Despite going into games as soon as I left grad school, my academic training was actually as a writer, and I even have an MFA in poetry. It's not a very useful sheepskin, as these things go. In 2005, I decided that it was an important part of my life, and that it still mattered to me. So I began to post poems on my blog every Sunday. Most of the readers of the blog were either videogame players or there for game industry commentary.

At first I posted older work, but given either the lack of a reaction or the bemused comments, I soon started writing new poetry to and for them. Poems that answered their questions, poems that were based on challenges readers gave me, poems about the pop culture we were discussing or even about the stuff I was doing at work.

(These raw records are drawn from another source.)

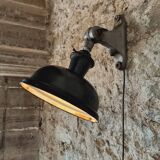 Pair of vintage black enameled metal wall sconces adjustable
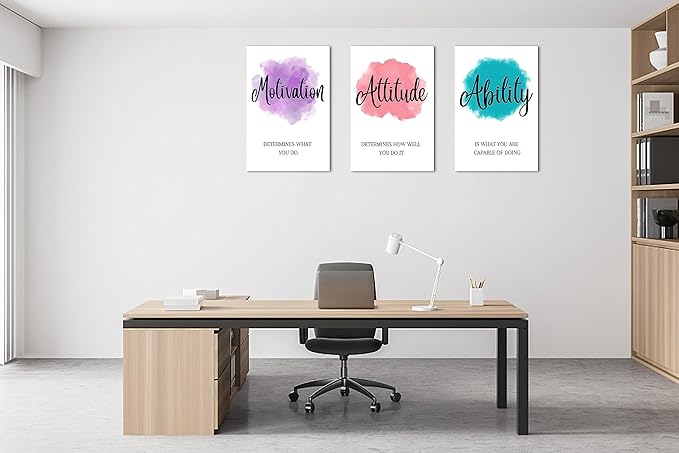 3 Piece Motivational Quotes Watercolor Canvas Print Pictures Wall Decor, Framed Artwork for Home Office, 16"x24" x 3 Pcs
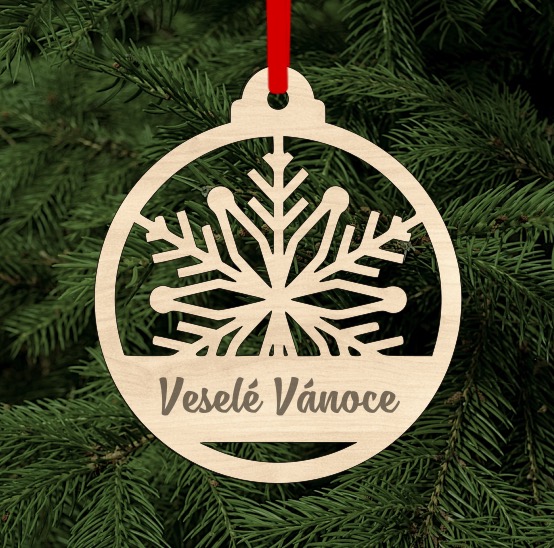 Dřevěná vánoční ozdoba - Veselé Vánoce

Soon there were verses about writing networking code and verses about my kids' science homework. I played with old-school rhyming forms and with the rhythms and cadences of everyday language, always hoping that the poem that week would resonate with an audience that basically didn't care about poetry.

Back in grad school, I had been told that my poetry was artsy and hermetic and self-referential. Now it was light, and sing-songy. It was often humorous. Was it better? I don't know. I do know that some of the poems ended up finding readership in the thousands, and these days, that's a rare thing for a poem. The project petered out, over time, and now I post poems only sporadically, when the muse strikes. But it's been ten years, so it was a good time to gather them up and in the covers bind them, so to speak. The book collects eighty of the poems, along with pen and ink illustrations based on photographs from my various travels around the world.


Boston Photographs

There is a street in Boston where the gas lamps have been burning
For a hundred forty years; where lamplighters no longer walk
The cycle of the twenty four, since globule mantles left to glow
Were cheaper than the labor spent in dimming gas in rain and snow.

The gravestones at the Granary are sunk in mud, or shattered sheets.
The midnight ride of Paul Revere is heaps of rocks, is piles
Of pennies, and a rain soaked flag or two. The Burying Ground
Is older still, and the thousands share five hundred weathered stones.

A Custom House is a hotel. A macaroni bursts in yellow sculpture
Beside a Market square. A Brutalist town hall juts jaws beside
Stark glass memorials and Boston's oldest pub. They said, "You can't
Hear city sounds from inside Boston Common!" but they lied.

Look!—homes upon a fisher wharf, held up by mussels and stout wood,
The Charles for a cellar door and a neighbor in a sloop.
With California earthquake eyes, the pilings underneath the wharf
That hold the condominiums high are trembling on the edge of hope.

We watch the tide; the rise, the fall, the six foot gap from tall to small.
The fixity of history, the folly of infinity, the way the town believes itself
The sailing ship, the catamaran, the hackneys and velocipedes,
The ferry, horses, cabs and cars, the moving van, and the rumbling T,

Four hundred years all held as close as simultaneity.
Mistaken hills hold monuments to battles fought elsewhere,
And staid New England poets paint their copperplated iambs
In pixels on a screen, declaiming beats from Faneuil Hall.

I cast these Boston photographs to what they once called ether,
Where they may last as long as tiny mantles glow.
They are the fixity of touristry, the river banks we made by hand,
Are monuments as long as networks grow, as long as human power flows;
Are structures standing strong upon the sand.


Davey Flower Becomes a Pterodactyl

"Raaaaak! Awrrrk! Kraaa! Urrgg!" I heard from down the hall,
A piercing, plaintive, prehistoric sort of call.

"What's going on?" I called out, and soon my wife replied.
"Your son's become a pterodactyl. Seriously. No lie."

It's true indeed—our little boy, our blue-eyed Davey Flower
Had become an awkward, flapping, pointy dinosaur.

His sister promptly cheered and laughed, the bratty little wench.
"Yay, my baby brother's gone!" then whined about the stench.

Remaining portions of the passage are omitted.